Capitolo 26 Bella

581 14 9
                                    

«Mamma tutto bene?»

Quella domenica, era pomeriggio inoltrato quando trovai mia madre seduta al centro del letto matrimoniale che condivideva con Tony.
Le sue gambe erano tese e la schiena appoggiata allo schienale in ferro battuto bianco, tra le mani aveva qualcosa che da quella distanza non riuscii a capire cosa fosse.

I suoi occhi azzurri, così simili ai miei, si alzarono sulla mia figura minuta e goffa sull'uscio della porta.
Sembrava essere turbata da qualcosa che la logorava dentro, il suo sguardo mi guardò in maniera fredda e dolorosa allo stesso tempo.

Avevo intuito cosa le passasse per la testa così mi avvicinai cautamente a lei e mi sedetti al suo fianco facendo attenzione a non sfiorarla neanche con il tessuto del mio pigiama.

Quando era in quei momenti di trance voleva essere lasciata sola anche se sofferente diceva che non aveva bisogno di me quando le mancava mio fratello. Non voleva vedere nessuno, neppure sua figlia.

Abbassai gli occhi e una morsa al petto arrivò subito quando posai lo sguardo fra le sue mani che stringevano una cornice con dentro una foto di Carter e di lei che li ritraevano al parco giochi, ero stata io a scattare quella foto.
A dodici anni avevo sviluppato una certa ossessione per le fotografie e ogni volta che mi era possibile, scattavo foto e i miei soggetti preferiti erano proprio loro due.

Quel dolore non sarebbe mai andato via dentro di noi, Carter era stata una persona troppo importante nella nostra vita tralasciando che fosse mio fratello e a lei suo figlio. In quella casa portava allegria anche quando non c'era neanche un grumolo di felicità, a Natale era sempre disposto a fare l'albero da solo pur di avere lo spirito natalizio dentro quelle quattro pareti. Quando mio padre voleva picchiarci, lui era sempre pronto a difendermi sapendo che le avrebbe prese il doppio per non farle prendere a me.

Carter non era solo mio fratello, il nostro legame andava oltre le stelle, oltre l'universo. Era il mio migliore amico, il mio confidente. Era la stella luminosa che seguivo per orientarmi come facevano i marinai, ma quella stella si era spenta e così io avevo perso la meta, non sapevo più orientarmi senza di lui.

«Che hai mamma?» le chiesi mentre lei non smetteva di guardare davanti a se il vuoto. Il dolore la stava logorando un'altra volta e lei lo viveva così il male.

Arrivava all'improvviso bussando alla sua porta come un ospite indesiderato che avrebbe dovuto accogliere fino a quando non avrebbe deciso di andar via con la raccomandazione però che un giorno sarebbe tornato.

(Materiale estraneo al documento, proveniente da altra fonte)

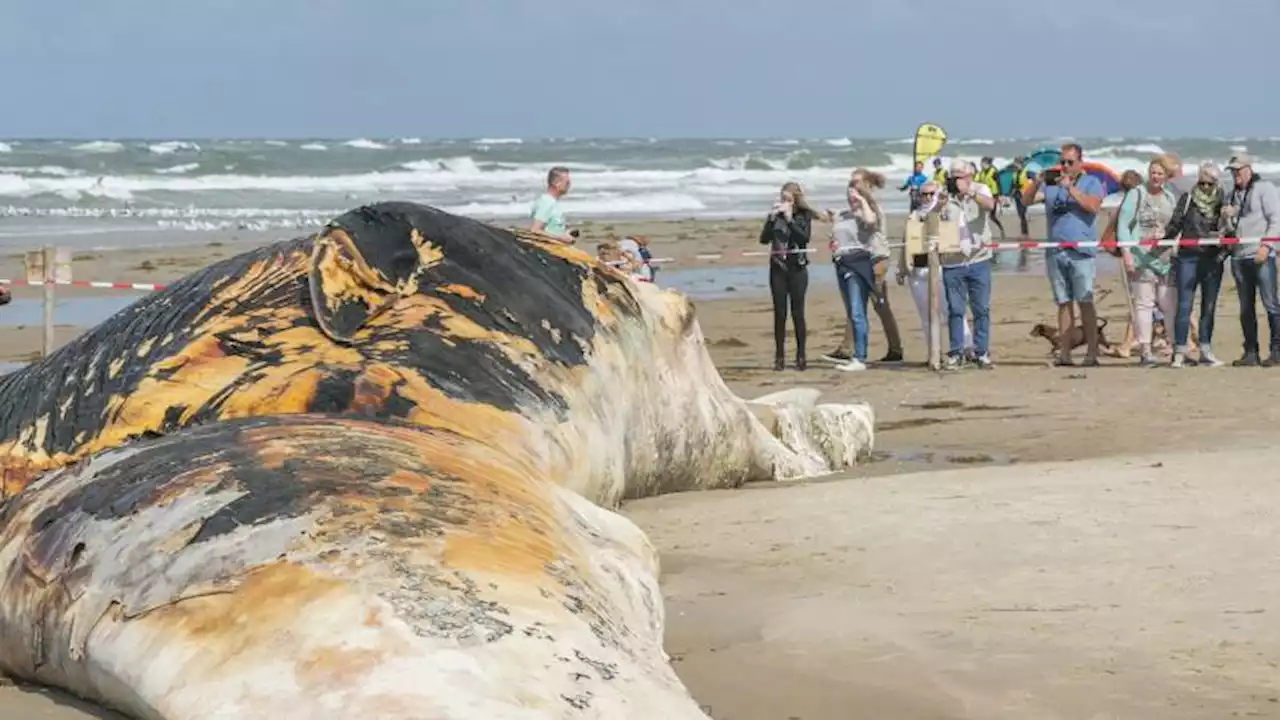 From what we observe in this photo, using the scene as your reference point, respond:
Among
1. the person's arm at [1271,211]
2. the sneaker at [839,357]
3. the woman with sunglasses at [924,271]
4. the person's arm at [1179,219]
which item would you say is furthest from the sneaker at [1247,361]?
the sneaker at [839,357]

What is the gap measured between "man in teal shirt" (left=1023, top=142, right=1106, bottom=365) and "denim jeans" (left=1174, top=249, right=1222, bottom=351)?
2.18ft

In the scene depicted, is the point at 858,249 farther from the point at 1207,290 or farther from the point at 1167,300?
the point at 1207,290

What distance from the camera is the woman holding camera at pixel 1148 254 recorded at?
Result: 46.7ft

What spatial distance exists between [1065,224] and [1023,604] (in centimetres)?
917

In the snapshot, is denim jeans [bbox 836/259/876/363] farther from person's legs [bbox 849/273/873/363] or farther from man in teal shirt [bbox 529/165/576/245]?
man in teal shirt [bbox 529/165/576/245]

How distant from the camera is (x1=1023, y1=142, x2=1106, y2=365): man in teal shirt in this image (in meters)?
14.2

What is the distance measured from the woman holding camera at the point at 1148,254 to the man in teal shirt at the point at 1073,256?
9.9 inches

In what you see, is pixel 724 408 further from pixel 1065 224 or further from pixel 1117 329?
pixel 1117 329

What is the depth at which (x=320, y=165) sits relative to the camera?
6388cm

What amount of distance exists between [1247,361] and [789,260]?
3.55 meters

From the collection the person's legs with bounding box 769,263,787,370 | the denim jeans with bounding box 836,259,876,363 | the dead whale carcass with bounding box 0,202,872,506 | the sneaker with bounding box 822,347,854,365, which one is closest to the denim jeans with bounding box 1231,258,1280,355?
the denim jeans with bounding box 836,259,876,363

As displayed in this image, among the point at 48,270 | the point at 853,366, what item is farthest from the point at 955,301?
the point at 48,270

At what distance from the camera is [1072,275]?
1429 centimetres

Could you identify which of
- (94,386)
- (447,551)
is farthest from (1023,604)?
(94,386) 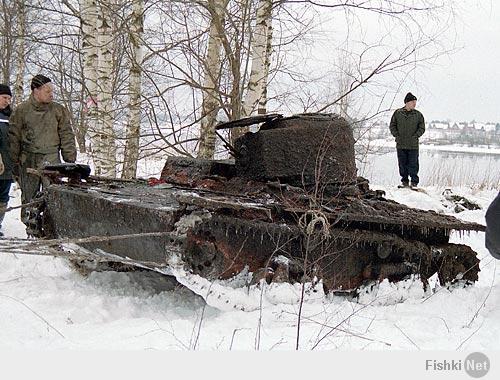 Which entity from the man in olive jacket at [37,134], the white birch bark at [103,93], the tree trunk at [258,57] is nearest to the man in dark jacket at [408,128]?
the tree trunk at [258,57]

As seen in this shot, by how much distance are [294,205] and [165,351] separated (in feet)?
5.50

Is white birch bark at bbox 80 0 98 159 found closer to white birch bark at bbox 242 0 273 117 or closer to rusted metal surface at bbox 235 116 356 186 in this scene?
white birch bark at bbox 242 0 273 117

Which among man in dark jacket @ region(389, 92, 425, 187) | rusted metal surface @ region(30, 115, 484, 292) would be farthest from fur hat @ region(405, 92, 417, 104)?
rusted metal surface @ region(30, 115, 484, 292)

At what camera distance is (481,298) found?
4.95 m

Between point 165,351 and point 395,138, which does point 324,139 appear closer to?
point 165,351

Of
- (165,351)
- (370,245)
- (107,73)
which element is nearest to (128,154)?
(107,73)

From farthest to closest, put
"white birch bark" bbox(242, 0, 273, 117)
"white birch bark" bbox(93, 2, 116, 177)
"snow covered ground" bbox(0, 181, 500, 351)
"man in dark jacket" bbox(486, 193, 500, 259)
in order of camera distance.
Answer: "white birch bark" bbox(93, 2, 116, 177), "white birch bark" bbox(242, 0, 273, 117), "snow covered ground" bbox(0, 181, 500, 351), "man in dark jacket" bbox(486, 193, 500, 259)

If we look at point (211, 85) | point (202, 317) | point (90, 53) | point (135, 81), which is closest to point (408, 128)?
point (211, 85)

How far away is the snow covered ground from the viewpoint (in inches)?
139

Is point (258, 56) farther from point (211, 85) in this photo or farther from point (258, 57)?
point (211, 85)

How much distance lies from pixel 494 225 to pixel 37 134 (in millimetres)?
5590

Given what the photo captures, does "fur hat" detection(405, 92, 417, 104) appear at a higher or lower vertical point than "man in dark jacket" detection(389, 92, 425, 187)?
higher

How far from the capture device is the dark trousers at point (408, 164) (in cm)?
1068

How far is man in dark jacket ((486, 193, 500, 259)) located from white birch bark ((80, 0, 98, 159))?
7.52 metres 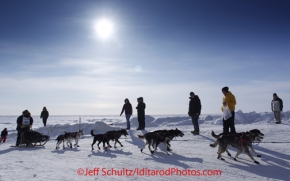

«Sai perché tuo fratello aveva paura dell'acqua?» scossi il capo con occhi dolci e bagnati. Lei non mi voleva li ma dovevo restare fino a quando non si sarebbe sentita un po' meglio.

«Tuo padre una volta l'affogò nella vasca da bagno» ebbi un sussulto per quelle parole così ride e uscite dalla sua bocca con fatale apatia.

«P-perché mi stai dicendo queste cose?»

Non volevo ancora sentire parlare di quel mostro. Ormai era uscito dalla mia vita è di lui non avrei voluto avere più nessun ricordo. Se ci fosse stato un interruttore, non avrei esitato ad usarlo.
Quell'uomo ci aveva rovinato la vita.

«Perché è stato lui a far ammalare tuo fratello, ne sono sicura. È stato quel bastardo» le lacrime uscivano a per di fiato dai suoi occhi cristallini e dovetti stringerla a me per farle capire che io ero con lei.

Mia madre non si dava tregua. Mio fratello era un malato terminale ma dava la colpa a mio padre. Diceva che era stato lui che li aveva fatto venire il cancro.

Non avrei mai difeso quell'uomo, neanche sotto tortura, ma come poteva essere stato lui a far ammalare mio fratello quando il destino aveva già scritto le carte della sua vita?